La sensibilità su questa problematica e le sue concrete implicazioni in tema di giustizia sociale, diritti umani, prosperità economica, è molto cresciuta, tanto che il raggiungimento dell’uguaglianza di genere è l’obiettivo (“goal”) n. 5 dell’Agenda ONU 2030 per lo Sviluppo Sostenibile. Tale contesto ha certamente favorito l’attribuzione del Nobel a Claudia Goldin, da intendersi non solo come riconoscimento del suo lavoro di studiosa, ma anche del fatto che il gender gap è un tema centrale – così nobilitandone lo studio, sinora considerato di nicchia e riservato alle donne - sia per comprendere le trasformazioni sociali e combattere le disuguaglianze, sia per l’economia: secondo l’ILO ridurre del 25% entro il 2025 il divario occupazionale uomo-donna farebbe crescere di 5.300 miliardi di dollari il PIL mondiale.
Non è, dunque, solo una questione di equità, ma anche di prosperità, progresso ed efficienza, perché se le donne non partecipano al mercato del lavoro si perdono talenti e competenze, ma anche una sensibilità e prospettiva di genere che presta attenzione alla conciliazione vita-lavoro e favorisce l’adozione di misure che incentivano il lavoro femminile.
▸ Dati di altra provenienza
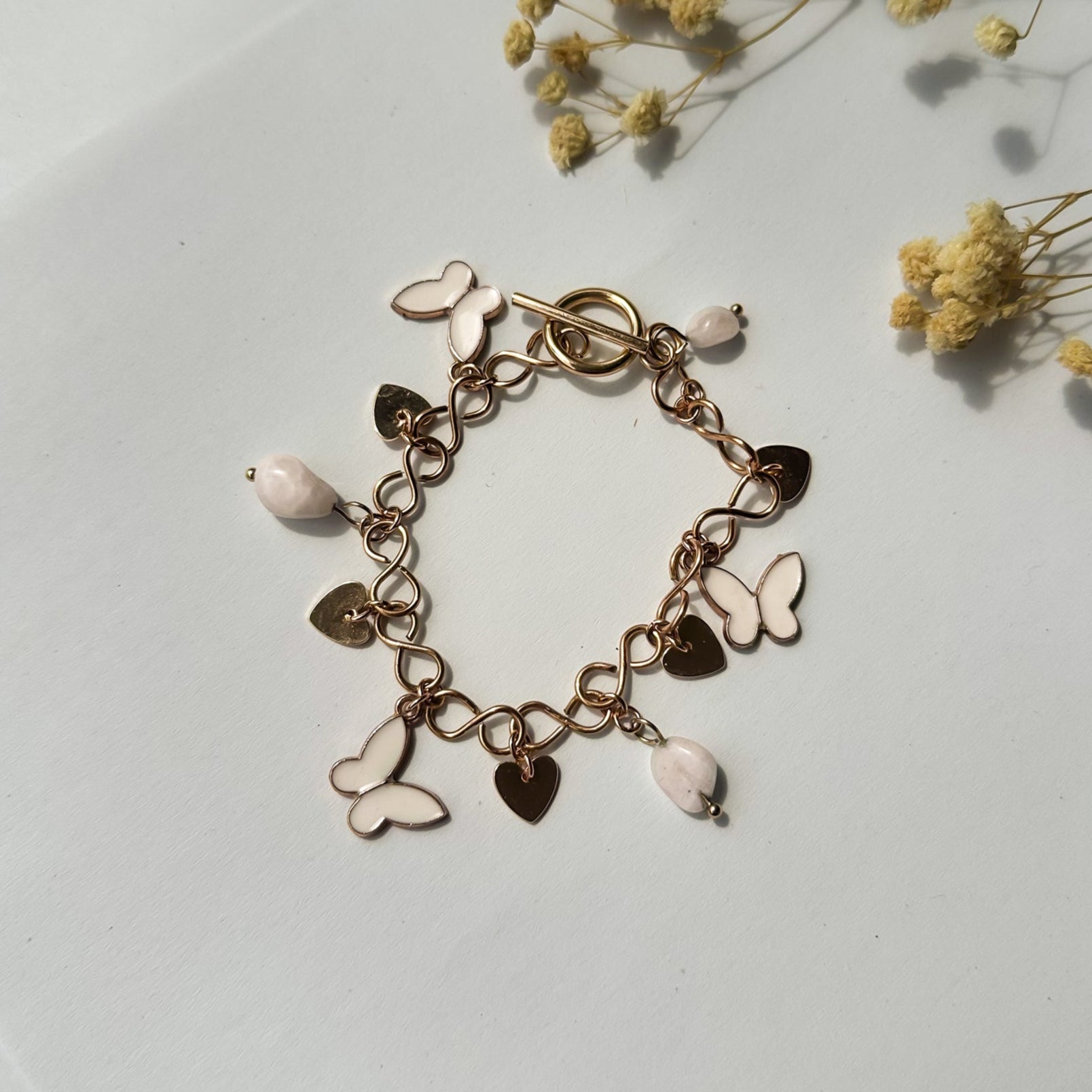 Flach liegendes Goldarmband mit weißen Schmetterlingen und Herzen, dekoriert mit Trockenblumen – romantischer Schmuckstil.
Non per nulla è stata una donna, appunto la Goldin, che ha condotto per la prima volta un’analisi storica ed economica “al femminile”, e, come recita il comunicato ufficiale sull’assegnazione del Nobel, ha “fornito il primo resoconto completo sui guadagni e sulla partecipazione delle donne al mercato del lavoro nel corso dei secoli e ha svelato le cause del cambiamento e le principali fonti del divario di genere che ancora esiste”.
Istruzione e formazione, condivisione dei ruoli e dei compiti di cura all’interno della coppia, flessibilità, misure di welfare e buone prassi sul posto di lavoro , sono le ricette su cui fare leva per consentire il superamento del gap, a vantaggio dell’economia, della società, e del singolo individuo.
Equità, benessere e prosperità possono coincidere, basta volerlo.